More Leafy Greens Please
Blending leafy greens into a smoothie is a great way to increase your consumption of these chlorophyll-rich wonders in a really tasty, fun way. Greens are loaded with nutrients, fiber, and antioxidants, and they oxygenate the cells and blood.
They also help boost immunity; alkalize and detoxify the body; combat disease and infection; promote healthy skin, nails, and hair; and act as prebiotics to encourage the proliferation of friendly bacteria, keeping the body in balance.
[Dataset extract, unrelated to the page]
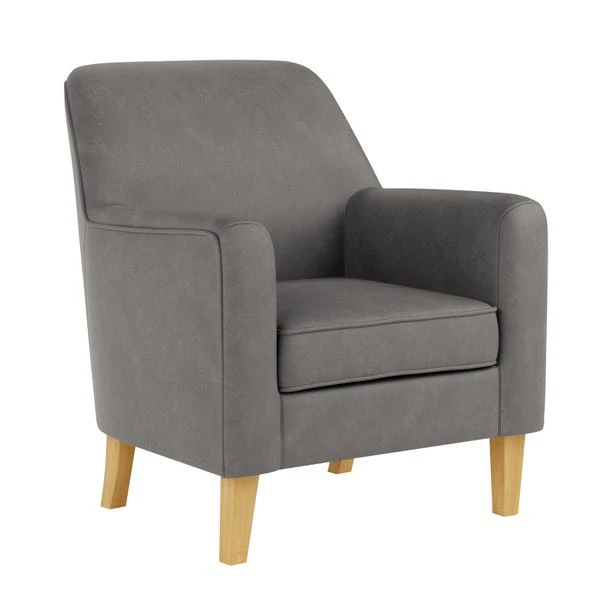 Dunelm Cooper Grey Faux Leather Armchair 2 Dunelm Cooper Grey Faux Leather Armchair - Image 2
If you’re struggling with the idea of drinking wet leaves, ease into the green-smoothie experience gradually and train your taste buds. Start with fruit-based blends that use coconut water, plain water, or milks, and add small amounts of mild leafy greens such as spinach, romaine, or radish greens. The subtle flavors of these vegetables are easily masked by sweet fruits.
After enjoying these introductory green smoothies, try reducing the amount of fruit and increasing the vegetables. Move from these light weights to the medium greens: kale, chard, collards, beet greens, and bok choy; then try the strong greens like dandelion greens and arugula.
Fresh herbs elevate the flavor of smoothies to a divine dimension. Do not substitute dried herbs, or even try them in smoothies. Dried herbs just don’t work in smoothies, and the unpalatable bitterness is a bummer. My favorite fresh herbs for smoothies are basil, mint, parsley, cilantro, and rosemary.
My Favorite Leafy Green is Kale
Kale is a popular addition to smoothies because 1 cup can be added to most shakes without changing the flavor. Go for deeply colored, vibrant, crisp leaves without any signs of wilting, yellowing, or browning. Kale has a slightly bitter flavor reminiscent of broccoli and is stronger than spinach. For a mild shake, start with 1 cup. If you go with 2 cups or more, balance the flavor with sweet fruits. Pineapple, mango, berries, grapes, apple, peach, and banana all pair well with kale, as does tomato, avocado, coconut, chile, lime, lemon (juice and zest), and bell pepper, particularly in savory blends.
Kale is more fibrous than spinach and may not fully liquefy in a conventional blender. For the smoothest texture, remove the ribs and chop the leaves
finely. Or try baby kale leaves, which are softer and less bitter in flavor. The phytonutrients in kale have powerful antimicrobial properties that are unleashed
when the leaves are chopped, chewed, or blended. Packed with vitamins A, C, E, and K, as well as calcium, iron, potassium, zinc, folate, and fiber, kale boosts immunity; promotes respiratory, heart, bone, and digestive health; and boosts energy. High in chlorophyll, kale isalso intensely alkalizing and reduces inflammation, making it an amazing health booster.
The goal is to experiment and incorporate healthy healthy greens into your diet. Also don’t forget to rotate your greens.